By Charlie Cummins – bbmm.ie

Google kicked off their 2016 series of Breakfast Briefings today on the topic of “Improving Mobile User Experience on the Web”. The presenter was Shane Cassells, who gave an insightful overview of what to look for to improve user engagement on mobile phones

Google Briefing Mobile User Experience

App or Website?

The question was posed as to which is better for mobile devices: an app or a website? The short answer was that if you can afford to do both, then do both. Just make sure that any app developed is amazing, as it has to compete with modern website designs, which can be very app-like themselves. However, if both are not affordable, then a mobile responsive website is the better option.

What Type of Responsiveness

In designing websites, developers have three choices to implement a mobile friendly site;

  • Responsive Design: uses the same URL and same HTML
  • Dynamic Design: uses the same URL, but different HTML
  • Separate Design: uses different URL and HTML

From Google’s point of view, the responsive design is best, as tracking, linking, clicks etc. etc., remain consistent across all platforms. And not inconsequentially, the responsive site is also less expensive for clients to build, design and maintain.

Make it Easy for the User.

The focus of the presentation was clearly on making the interaction with a mobile phone website as easy as possible for the user. He cited a number of examples for clients to consider when seeking to improve website engagement through smart phone users.

  • Make it “thumb friendly” – the tap targets should be big and well located on the screen for ease of use.
  • Give users what they want – don’t tell them about your 2,500 stores worldwide – all they care about is the store closest to them.
  • If you offer a site search function, don’t naturally assume the “magnifying glass” icon will suffice.

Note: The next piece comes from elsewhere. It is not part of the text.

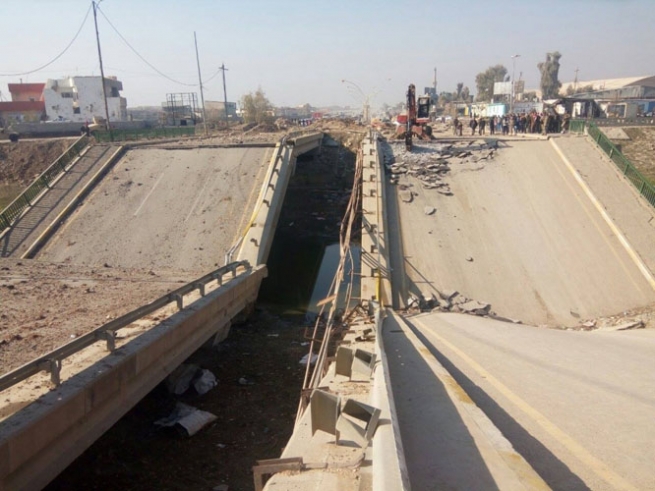  مووسڵ.. بە هەماهەنگیی هاووڵاتیان دەست بە ئاوەدانکردنەوەی شارەکە کراوە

For some this icon means it makes text etc. bigger – not search.
  • Obsess over load speed – the faster the site loads the better.

Check out your mobile site speed at this link: https://developers.google.com/speed/pagespeed/insights/

Improve Conversion

For clients who offer e-commerce via their mobile site, a few suggestions to improve the rate of conversion are:

  • Free shipping/post & packing/delivery can often appeal more than a product discount (even if the value of the shipping is lower!)
  • Don’t surprise people with a shipping cost at the final checkout stage – make costs clear earlier in the shopping process.
  • Don’t minimise or hide your phone number on mobile. It’s being displayed on a phone – make use it.
  • If you need users to fill in data, ensue that the appropriate input keypad shows: the number key pad for numbers, the alpha key pad for text and, if an email address is needed, ensure the @ symbol is there to be clicked.
  • Keep the “add to cart” button screen at all times, even when user scrolls.
  • Use bespoke product information for each product in your CMS (for example: if you sell red shoes and also shoes in similar shades like burgundy, wine, crimson, scarlet, cherry etc. don’t class them all as “red”).

Finally – Measure it All

There is no point in investing time and resources into implementing all the above if you don’t analyse the results. Use your analytics data to look in detail at:

  • What product/category pages are generating high traffic?
  • What product/category pages are delivering the highest conversions?
  • How do traffic volumes and conversion rate correlate? Is any action indicated?